Auch bei Alnatura ist man positiv eingestellt, wie die Stellungnahme von Fernando Krokisius, Sortimentsmanager Obst und Gemüse, zeigt: „Bio-Kunden sind erfahrungsgemäß sehr aufgeschlossen gegenüber Obst und Gemüse, das nicht den gängigen Normen entspricht. Im Gegenteil: Unsere Kunden freuen sich sogar über krummes Gemüse. Das ist auch auf unserer Facebook-Seite zu erleben, wo regelmäßig Fotos von Obst und Gemüse gepostet werden, das nicht dem gängigen Schönheitsideal entspricht.“

„Bio-Kunden sind sehr aufgeschlossen gegenüber Obst und Gemüse, das nicht den gängigen Normen entspricht.“
Fernando Krokisius, Alnatura Sortimentsmanager

„Etwas gegen Verschwendung zu tun, ist für uns kein Werbegag, sondern ernstes Anliegen.“
Maja Leuchtenberger, Marketingleiterin Bio-Company

In der Schweiz vermarkten mehrere Unternehmen entsprechende Ware. Die Coop hat dafür schon eine eigene Produktlinie ins Leben
gerufen, sie nennt sie „Ünique“ (unique heißt auf Französisch und Englisch „einmalig“ sowie „einzigartig“).

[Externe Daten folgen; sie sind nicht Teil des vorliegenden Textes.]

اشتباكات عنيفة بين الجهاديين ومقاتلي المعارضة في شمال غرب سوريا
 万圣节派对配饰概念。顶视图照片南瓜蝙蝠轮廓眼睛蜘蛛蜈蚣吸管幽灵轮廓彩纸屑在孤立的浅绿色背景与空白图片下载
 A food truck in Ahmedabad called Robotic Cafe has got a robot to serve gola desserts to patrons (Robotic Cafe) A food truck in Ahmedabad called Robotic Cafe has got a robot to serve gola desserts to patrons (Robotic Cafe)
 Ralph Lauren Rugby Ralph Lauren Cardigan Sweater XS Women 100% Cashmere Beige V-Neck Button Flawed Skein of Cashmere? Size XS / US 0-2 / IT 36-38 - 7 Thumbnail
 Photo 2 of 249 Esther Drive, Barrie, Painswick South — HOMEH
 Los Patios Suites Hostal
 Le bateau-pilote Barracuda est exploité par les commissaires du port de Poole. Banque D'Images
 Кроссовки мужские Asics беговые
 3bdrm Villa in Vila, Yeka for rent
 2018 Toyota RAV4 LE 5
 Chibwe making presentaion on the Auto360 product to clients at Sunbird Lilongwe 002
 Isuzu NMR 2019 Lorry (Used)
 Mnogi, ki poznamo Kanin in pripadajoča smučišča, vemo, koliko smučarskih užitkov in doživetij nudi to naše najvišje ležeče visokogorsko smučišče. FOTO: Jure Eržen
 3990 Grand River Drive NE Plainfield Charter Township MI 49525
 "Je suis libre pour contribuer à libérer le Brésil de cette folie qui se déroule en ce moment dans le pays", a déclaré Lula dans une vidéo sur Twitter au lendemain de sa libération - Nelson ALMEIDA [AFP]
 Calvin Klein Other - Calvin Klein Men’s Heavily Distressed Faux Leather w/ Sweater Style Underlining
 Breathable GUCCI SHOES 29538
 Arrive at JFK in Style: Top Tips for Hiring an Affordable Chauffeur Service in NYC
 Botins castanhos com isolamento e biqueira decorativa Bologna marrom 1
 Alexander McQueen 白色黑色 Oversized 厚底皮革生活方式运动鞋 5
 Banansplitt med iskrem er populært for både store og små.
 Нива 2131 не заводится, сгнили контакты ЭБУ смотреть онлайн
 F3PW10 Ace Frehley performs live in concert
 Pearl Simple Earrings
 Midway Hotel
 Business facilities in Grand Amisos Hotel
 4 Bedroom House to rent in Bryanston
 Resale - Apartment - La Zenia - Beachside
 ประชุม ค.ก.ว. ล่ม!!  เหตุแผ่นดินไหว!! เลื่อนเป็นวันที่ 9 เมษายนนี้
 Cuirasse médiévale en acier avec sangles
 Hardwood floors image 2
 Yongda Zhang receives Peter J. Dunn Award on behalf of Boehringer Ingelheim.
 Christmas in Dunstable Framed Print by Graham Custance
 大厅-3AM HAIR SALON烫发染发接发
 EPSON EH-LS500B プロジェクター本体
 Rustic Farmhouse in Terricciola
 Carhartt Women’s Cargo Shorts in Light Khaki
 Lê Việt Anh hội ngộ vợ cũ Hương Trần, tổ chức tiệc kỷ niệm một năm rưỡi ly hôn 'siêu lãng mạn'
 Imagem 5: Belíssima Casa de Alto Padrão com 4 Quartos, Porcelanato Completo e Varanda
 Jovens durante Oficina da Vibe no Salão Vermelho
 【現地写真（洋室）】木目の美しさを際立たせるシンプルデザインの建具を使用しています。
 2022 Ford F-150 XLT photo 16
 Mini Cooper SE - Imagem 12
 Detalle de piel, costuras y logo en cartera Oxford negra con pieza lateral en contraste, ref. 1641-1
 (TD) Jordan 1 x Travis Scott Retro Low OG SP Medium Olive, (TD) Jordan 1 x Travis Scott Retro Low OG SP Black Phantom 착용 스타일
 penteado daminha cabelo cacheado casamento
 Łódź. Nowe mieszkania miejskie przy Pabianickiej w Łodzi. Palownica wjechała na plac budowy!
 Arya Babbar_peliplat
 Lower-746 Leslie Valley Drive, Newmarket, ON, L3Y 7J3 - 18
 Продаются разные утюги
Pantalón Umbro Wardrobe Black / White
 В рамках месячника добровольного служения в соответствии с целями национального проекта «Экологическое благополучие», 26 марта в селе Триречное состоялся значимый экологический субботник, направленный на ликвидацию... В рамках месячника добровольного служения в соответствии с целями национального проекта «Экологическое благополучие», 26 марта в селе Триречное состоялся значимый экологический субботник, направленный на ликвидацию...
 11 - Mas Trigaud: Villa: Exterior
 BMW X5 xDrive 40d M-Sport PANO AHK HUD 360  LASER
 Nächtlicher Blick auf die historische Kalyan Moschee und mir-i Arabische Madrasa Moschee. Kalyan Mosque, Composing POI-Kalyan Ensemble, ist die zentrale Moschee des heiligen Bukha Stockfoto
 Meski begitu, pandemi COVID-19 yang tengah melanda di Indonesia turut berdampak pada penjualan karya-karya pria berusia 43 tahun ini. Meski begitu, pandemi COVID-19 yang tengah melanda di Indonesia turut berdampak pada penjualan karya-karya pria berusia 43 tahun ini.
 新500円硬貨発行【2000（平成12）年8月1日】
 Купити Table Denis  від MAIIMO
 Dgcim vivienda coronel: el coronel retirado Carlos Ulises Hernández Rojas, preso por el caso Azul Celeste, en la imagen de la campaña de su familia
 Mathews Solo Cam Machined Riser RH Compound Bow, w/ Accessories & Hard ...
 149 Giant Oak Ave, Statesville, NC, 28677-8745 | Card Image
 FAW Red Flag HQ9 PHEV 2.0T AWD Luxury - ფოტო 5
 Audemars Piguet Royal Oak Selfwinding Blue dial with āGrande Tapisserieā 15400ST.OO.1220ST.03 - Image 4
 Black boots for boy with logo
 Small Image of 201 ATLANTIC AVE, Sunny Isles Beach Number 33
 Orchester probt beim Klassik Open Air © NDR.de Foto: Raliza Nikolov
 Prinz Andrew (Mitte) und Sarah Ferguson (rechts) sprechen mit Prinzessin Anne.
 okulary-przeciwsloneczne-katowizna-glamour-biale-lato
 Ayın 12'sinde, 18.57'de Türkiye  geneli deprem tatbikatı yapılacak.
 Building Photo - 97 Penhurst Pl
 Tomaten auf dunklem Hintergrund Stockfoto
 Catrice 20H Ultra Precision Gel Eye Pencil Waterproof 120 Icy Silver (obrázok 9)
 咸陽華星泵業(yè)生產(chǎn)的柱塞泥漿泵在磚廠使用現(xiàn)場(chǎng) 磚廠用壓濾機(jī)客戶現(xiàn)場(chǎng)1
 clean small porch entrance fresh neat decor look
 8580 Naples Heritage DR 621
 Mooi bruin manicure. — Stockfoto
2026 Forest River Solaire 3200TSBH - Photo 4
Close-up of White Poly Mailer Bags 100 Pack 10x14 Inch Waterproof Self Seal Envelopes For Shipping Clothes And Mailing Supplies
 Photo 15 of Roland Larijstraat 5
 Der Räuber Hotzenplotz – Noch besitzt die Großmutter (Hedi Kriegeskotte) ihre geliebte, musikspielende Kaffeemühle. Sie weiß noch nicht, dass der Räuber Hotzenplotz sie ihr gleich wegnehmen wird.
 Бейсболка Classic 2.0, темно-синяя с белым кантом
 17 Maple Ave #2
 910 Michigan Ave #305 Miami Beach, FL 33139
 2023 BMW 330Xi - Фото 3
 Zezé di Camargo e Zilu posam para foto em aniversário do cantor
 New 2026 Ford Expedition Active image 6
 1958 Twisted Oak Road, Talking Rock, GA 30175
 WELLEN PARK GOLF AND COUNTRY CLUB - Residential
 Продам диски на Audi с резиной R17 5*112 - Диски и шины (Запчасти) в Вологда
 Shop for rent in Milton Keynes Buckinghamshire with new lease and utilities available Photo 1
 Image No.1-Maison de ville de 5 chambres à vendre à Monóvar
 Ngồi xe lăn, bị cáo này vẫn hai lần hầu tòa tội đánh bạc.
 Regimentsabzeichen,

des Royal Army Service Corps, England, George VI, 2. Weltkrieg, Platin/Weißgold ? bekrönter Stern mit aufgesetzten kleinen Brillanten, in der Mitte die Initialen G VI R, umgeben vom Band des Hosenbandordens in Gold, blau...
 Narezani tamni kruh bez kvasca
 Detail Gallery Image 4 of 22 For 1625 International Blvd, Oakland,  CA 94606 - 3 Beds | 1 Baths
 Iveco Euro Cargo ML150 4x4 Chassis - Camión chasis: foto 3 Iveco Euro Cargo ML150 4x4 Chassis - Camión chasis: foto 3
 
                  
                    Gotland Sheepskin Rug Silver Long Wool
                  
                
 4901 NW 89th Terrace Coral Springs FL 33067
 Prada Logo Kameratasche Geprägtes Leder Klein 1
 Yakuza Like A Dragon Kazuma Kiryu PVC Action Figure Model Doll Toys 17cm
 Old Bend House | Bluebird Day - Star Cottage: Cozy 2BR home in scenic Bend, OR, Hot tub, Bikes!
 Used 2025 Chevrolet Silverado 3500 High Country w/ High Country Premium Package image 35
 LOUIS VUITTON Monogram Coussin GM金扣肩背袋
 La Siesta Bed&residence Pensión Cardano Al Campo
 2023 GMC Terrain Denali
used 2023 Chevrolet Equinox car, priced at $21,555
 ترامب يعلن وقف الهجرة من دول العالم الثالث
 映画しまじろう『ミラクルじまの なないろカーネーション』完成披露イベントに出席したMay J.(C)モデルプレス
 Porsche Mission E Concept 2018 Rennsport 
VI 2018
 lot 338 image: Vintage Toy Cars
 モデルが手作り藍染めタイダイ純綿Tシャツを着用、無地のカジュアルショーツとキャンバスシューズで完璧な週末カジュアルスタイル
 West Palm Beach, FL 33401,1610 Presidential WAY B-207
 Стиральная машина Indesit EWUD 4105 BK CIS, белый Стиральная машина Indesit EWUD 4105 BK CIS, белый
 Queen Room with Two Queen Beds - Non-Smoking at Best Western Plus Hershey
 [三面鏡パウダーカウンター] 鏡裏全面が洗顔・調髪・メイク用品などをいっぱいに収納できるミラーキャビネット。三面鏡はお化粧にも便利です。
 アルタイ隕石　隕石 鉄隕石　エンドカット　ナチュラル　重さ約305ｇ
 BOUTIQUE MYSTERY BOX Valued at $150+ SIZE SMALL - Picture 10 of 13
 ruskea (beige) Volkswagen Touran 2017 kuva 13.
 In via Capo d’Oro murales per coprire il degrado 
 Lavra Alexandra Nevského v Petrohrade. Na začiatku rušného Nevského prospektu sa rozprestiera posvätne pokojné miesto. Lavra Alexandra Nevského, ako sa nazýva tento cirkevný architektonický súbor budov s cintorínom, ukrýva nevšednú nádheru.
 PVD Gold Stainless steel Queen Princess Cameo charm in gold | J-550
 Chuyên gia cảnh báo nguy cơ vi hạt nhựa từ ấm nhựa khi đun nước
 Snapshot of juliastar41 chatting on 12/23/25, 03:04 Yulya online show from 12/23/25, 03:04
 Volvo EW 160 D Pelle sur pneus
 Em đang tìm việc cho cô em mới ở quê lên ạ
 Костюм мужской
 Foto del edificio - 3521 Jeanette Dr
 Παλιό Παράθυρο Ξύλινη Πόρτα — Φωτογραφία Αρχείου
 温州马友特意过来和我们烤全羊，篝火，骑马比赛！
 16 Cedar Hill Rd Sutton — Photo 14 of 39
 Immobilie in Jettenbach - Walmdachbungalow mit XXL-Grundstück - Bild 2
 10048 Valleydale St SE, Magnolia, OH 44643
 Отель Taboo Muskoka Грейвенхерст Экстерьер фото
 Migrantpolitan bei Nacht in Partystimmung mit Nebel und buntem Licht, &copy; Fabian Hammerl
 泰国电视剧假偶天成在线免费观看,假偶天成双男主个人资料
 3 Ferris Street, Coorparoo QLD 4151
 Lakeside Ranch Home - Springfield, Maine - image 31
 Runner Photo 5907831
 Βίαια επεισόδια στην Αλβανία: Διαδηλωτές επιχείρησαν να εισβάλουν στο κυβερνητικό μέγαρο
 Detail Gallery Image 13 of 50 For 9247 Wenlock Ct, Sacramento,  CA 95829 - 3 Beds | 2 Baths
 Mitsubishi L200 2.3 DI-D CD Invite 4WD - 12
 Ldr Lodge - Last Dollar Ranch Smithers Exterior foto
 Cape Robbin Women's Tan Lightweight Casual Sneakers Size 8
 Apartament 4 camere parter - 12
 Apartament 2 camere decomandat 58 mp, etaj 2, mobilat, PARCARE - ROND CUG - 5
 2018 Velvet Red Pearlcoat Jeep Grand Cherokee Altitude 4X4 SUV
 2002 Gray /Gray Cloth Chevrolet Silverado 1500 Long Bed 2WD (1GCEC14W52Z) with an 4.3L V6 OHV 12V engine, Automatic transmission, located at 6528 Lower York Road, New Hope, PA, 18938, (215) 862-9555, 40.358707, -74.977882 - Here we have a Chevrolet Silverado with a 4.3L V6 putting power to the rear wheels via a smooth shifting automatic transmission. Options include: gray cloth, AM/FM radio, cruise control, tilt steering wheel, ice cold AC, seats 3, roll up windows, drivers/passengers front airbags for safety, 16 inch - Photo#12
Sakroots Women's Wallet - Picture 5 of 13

So hat man beispielsweise befristet Aprikosen verkauft, die vom Hagel kleine Flecke bekommen hatten. Urs Meier von der Coop weist darauf hin, dass ansonsten ein Viertel der gesamten Aprikosenernte hätte vernichtet werden müssen. Die Schweizer Kunden jedenfalls zeigen Verständnis für diese Launen der Natur. „Ünique“ wird fortgeführt, abhängig vom saisonalen Angebot.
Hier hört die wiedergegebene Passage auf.